Sul Monte Brecale sul “Monte Resino” gli oliveti hanno bordure di frassini e di roverelle. Dal terreno, sbucano iris, papaveri e ginestre
Per Oreste iniziò una nuova avventura, armato d’ingegno e passione, mantenne l’oleificio all’interno della Villa Contarini, perfezionò ogni fase della filiera produttiva, rinnovò i locali, inserì nuovi strumenti di molitura e imbottigliamento.
Oreste vendeva i suoi oli soprattutto a quelle famiglie che sceglievano con cura i cibi e che cercavano di renderli più saporiti con oli di qualità e del territorio.
Nel tempo, innovazione dopo innovazione, Oreste trasmise al figlio Paolo l’arte del frantoiano, a iniziare dalla cura nella raccolta delle olive, nel valutare la loro sanità, il grado di maturazione, le differenze tra le diverse varietà.

Paolo Barbiero
Oreste insegnò anche i segreti del territorio, dove la pianta d’olivo attecchisce meglio, dove le giaciture, le esposizioni dei terreni, le loro tante nature, calcaree, argillose, con affioranti trachiti, i tanti microclimi conferivano agli oli aromi e profumi più delicati, o più decisi, ed erano questi legami che creavano oli di altissime qualità.
Le colline dei Colli Euganei sono territori difficili da capire, prima perché sono molto orgogliosi, per loro bellezza e per la loro capacità di produrre, tanto che si fanno chiamare “Monti”, ma Paolo acquisì la loro fiducia e iniziò a coltivare olivi sul “Monte Brecale”, dal terreno lavico, e sul “Monte Resino” dove le radici delle piante poggiano sul pietrisco di Rosso Ammonitico e Biancone. Due terreni fecondi, dove gli oliveti ora hanno bordure di frassini e di roverelle e, dal terreno, sbucano iris, papaveri, minuscoli fiori della ginestra, denti di cane.

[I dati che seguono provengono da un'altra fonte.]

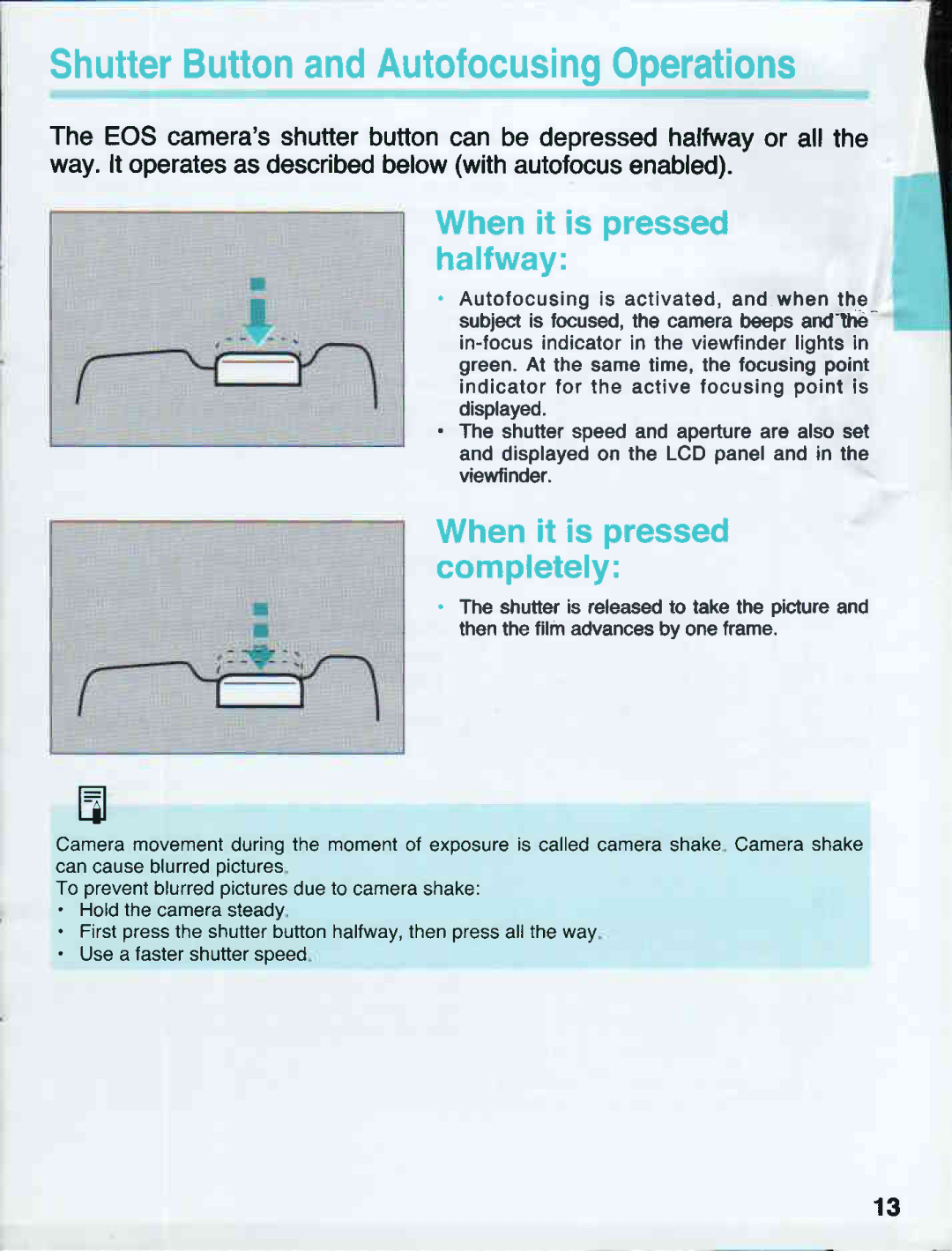 Canon 500N QD manual 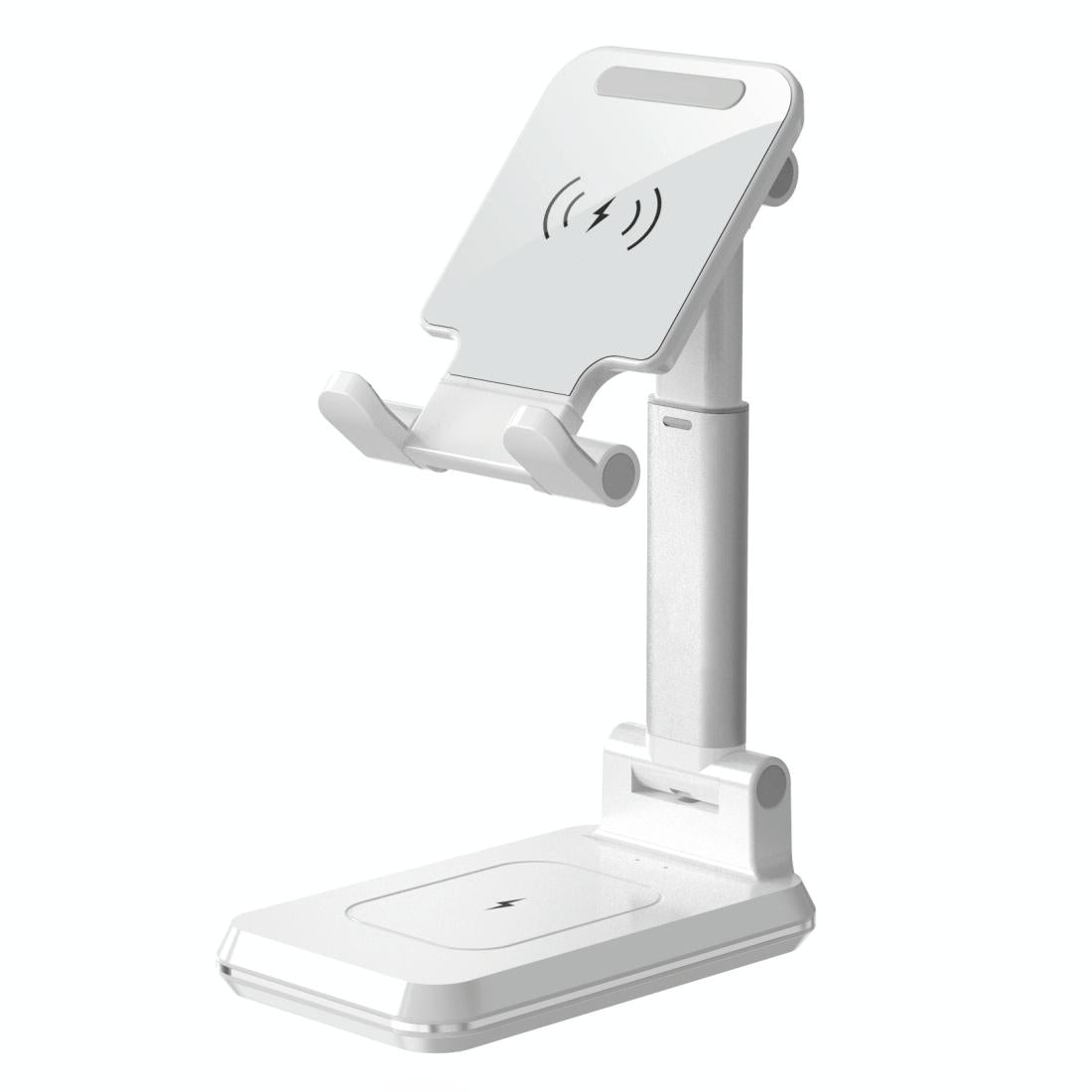 Portable 2-in-1 Wireless Charging Stand – Dual Device Fast Charger – Black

Olive della cultivar Rasara
Da qui Paolo raccoglie le olive della varietà “Rasara”, la più antica e tipica dei Colli, che da oli di un’eccezionale qualità, mediamente fruttati, con note vegetali, leggermente piccanti e amari, riconosciuti dalla Comunità Europea come oli a Denominazione d’Origine Protetta, DOP. Nel lavoro in frantoio, a Paolo si accostò Pierangela, la moglie, nondimeno la nipote di nonno Carisio, tanto che Gianni Rodari ne avrebbe tratto una fiaba dal tono:
“ … ma si, sono io, Carisio, che ero con Oreste, mi confondevo nel raccontare le favole a Pierangela, ma Le insegnavo a far bene l’olio, va bene, ora torno a leggere il giornale .. ”
Paolo e Pierangela hanno costruito un nuovo frantoio, con macchine a ciclo continuo, a estrazione a freddo e fusti d’acciaio inox per contenere gli oli, con all’interno l’azoto, un gas inerte, che limita il contatto del prodotto con l’ossigeno dell’aria, proteggendone così le caratteristiche di qualità.
In quest’operosità Paolo e Pierangela hanno “coniugato” la cultura della terra e il desiderio del buon cibo e, considerando che l’olio è pure bellezza, hanno una linea di cosmesi molto apprezzata, dove si utilizzano le proprietà benefiche delle sostanze contenute nell’olio.
Come fece Oreste, anche Paolo sta trasmettendo al figlio Filippo i “segreti” del mestiere di frantoiano per aggiungere un’altra generazione e un futuro a questa lunga storia.